# Anyone use Jasco Termin-8



## wallmaxx (Jun 18, 2007)

I have been supplied this stuff by the GC on a couple of remodel projects...it says its pretty good (on the side of the can )

What are some of the other "good stuff" out there that y'all use?


----------



## neolitic (Apr 20, 2006)

wallmaxx said:


> I have been supplied this stuff by the GC on a couple of remodel projects...it says its pretty good (on the side of the can )
> 
> What are some of the other "good stuff" out there that y'all use?
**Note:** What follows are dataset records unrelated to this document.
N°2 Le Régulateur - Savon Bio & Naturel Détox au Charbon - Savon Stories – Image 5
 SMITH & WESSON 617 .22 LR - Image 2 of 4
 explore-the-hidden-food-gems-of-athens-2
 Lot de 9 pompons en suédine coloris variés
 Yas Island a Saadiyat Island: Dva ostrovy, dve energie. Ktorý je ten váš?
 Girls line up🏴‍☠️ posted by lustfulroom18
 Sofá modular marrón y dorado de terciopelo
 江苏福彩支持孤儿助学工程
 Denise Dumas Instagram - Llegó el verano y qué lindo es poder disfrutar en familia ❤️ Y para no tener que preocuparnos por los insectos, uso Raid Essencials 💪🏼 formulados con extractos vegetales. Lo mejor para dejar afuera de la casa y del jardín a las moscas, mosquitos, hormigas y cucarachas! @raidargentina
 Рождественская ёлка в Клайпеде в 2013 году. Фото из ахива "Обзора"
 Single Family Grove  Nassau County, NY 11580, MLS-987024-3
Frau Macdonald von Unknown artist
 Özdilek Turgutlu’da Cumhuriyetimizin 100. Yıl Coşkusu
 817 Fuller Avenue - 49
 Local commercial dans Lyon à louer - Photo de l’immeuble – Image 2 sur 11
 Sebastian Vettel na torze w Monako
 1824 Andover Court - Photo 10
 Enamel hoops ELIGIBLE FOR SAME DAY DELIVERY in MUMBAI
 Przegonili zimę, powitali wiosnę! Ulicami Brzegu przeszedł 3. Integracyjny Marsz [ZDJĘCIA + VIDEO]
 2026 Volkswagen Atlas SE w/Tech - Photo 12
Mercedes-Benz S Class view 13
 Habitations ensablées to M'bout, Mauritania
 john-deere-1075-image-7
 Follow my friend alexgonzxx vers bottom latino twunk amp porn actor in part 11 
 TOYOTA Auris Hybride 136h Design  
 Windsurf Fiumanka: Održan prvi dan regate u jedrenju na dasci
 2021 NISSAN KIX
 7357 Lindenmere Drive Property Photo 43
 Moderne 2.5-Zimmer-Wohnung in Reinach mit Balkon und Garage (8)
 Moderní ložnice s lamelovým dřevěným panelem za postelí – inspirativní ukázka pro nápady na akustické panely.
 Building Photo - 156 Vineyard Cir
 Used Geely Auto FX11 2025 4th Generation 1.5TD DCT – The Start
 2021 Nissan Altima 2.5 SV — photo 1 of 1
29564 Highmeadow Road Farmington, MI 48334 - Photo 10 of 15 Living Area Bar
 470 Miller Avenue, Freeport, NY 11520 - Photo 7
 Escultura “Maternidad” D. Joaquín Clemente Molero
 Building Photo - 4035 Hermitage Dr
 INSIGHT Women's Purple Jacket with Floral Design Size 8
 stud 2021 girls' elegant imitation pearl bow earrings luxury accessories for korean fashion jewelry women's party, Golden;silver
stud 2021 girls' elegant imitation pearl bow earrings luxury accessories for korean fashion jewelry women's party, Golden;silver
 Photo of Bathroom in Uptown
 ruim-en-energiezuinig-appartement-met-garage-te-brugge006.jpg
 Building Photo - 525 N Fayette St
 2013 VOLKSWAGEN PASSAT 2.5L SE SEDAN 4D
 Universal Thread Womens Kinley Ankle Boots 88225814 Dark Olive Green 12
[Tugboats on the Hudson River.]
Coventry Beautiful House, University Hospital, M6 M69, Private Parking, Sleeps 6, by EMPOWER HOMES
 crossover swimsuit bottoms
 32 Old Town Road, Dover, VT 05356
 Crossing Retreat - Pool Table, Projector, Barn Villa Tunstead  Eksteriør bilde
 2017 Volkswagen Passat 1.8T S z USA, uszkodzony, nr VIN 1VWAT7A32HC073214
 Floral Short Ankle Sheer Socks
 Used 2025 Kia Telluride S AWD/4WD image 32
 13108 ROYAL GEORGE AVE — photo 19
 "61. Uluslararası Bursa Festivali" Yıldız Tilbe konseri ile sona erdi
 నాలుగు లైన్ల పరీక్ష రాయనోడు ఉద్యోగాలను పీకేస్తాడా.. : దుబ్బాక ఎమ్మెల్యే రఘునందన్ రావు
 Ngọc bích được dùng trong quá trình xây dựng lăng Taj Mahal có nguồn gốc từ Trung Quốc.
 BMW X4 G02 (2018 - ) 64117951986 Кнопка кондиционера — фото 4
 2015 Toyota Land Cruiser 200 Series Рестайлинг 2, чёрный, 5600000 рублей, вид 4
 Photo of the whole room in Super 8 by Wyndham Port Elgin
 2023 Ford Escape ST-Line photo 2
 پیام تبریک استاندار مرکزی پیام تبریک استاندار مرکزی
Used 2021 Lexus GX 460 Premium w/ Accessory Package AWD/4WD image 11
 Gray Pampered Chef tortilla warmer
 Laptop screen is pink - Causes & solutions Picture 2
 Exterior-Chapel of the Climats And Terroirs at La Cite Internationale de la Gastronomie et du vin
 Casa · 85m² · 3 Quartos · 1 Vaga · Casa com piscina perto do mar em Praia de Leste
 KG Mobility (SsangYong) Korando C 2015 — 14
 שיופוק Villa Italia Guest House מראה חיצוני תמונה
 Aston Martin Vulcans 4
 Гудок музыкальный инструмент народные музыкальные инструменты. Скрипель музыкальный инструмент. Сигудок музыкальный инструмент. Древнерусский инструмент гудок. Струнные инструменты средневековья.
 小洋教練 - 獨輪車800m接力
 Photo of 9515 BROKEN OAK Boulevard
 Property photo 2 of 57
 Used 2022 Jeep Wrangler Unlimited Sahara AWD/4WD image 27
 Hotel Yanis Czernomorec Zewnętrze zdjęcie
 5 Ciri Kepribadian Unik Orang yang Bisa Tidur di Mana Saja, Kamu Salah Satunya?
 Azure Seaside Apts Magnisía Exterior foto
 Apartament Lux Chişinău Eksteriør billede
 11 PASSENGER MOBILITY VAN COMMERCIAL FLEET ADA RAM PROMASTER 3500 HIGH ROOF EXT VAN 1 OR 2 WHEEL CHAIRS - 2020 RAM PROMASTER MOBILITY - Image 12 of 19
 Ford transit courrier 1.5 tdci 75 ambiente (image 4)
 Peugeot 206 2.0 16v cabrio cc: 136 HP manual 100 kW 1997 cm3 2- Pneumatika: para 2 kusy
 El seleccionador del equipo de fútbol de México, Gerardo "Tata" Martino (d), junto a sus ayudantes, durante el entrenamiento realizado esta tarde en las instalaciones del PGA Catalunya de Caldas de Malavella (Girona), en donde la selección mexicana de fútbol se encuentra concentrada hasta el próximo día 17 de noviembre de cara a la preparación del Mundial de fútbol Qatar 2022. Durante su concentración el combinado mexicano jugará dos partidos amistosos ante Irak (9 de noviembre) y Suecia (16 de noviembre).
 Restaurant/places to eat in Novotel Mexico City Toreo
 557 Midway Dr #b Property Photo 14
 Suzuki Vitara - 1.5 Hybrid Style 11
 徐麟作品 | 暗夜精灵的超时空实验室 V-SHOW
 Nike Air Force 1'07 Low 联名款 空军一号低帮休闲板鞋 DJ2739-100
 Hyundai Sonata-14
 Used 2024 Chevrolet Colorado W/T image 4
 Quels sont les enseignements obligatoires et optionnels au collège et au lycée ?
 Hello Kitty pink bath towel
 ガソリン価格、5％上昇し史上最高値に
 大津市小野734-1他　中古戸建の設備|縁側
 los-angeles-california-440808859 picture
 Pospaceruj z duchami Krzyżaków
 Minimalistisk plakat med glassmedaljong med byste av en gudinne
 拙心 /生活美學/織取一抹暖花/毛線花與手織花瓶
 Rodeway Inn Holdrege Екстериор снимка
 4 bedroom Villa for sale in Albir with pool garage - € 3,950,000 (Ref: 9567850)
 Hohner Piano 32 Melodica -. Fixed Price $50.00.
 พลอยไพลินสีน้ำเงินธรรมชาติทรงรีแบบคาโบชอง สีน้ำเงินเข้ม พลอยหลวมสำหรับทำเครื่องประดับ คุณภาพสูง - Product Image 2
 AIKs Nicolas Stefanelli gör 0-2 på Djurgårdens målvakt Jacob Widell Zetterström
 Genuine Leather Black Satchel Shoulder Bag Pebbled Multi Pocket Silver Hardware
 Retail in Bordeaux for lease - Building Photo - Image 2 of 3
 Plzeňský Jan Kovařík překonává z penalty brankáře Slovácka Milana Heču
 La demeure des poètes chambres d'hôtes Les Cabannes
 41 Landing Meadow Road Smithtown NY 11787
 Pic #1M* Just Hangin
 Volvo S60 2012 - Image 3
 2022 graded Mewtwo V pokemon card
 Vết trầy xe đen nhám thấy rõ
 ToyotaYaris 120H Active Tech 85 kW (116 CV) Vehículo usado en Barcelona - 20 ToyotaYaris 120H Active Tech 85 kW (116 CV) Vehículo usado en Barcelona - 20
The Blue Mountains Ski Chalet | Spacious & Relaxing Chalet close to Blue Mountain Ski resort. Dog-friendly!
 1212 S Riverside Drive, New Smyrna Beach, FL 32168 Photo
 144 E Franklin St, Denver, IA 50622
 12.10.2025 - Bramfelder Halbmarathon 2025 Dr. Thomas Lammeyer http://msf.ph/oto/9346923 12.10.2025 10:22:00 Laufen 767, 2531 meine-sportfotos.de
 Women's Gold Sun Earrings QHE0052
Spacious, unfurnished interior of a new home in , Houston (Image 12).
"*Cuprinol No. 10 Green Wood Preservative*" :thumbsup:


----------



## ScipioAfricanus (Sep 13, 2008)

I use Termin-8 here in So. Cal. it has always worked well for me. It doesn't penetrate super deep so make sure every exposed area is covered well.

Andy.


----------



## BuiltByMAC (Mar 11, 2006)

Wolman's makes an "End Cut Treatment/Wood preservative" in brown, green or clear. The clear stuff is super sticky, gets all over everything - dries sticky too. It's basically the same thing as Jasco Termin-8. Every cut I make in pt, I paint w/ the stuff - stringers get two soakings...

Mac


----------



## neolitic (Apr 20, 2006)

Wonder why Wolman chooses
zinc napthenate, rather than
copper napthenate, like Cuprinol?
The pressure treating is all based 
on copper so....?


----------



## Halo (Oct 3, 2007)

I believe copper napthenate is being regulated out of existence, or so I have been told.


----------



## Burby (Nov 25, 2008)

wallmaxx said:


> I have been supplied this stuff by the GC on a couple of remodel projects...it says its pretty good (on the side of the can )
> 
> What are some of the other "good stuff" out there that y'all use?


Products used depend on the Need.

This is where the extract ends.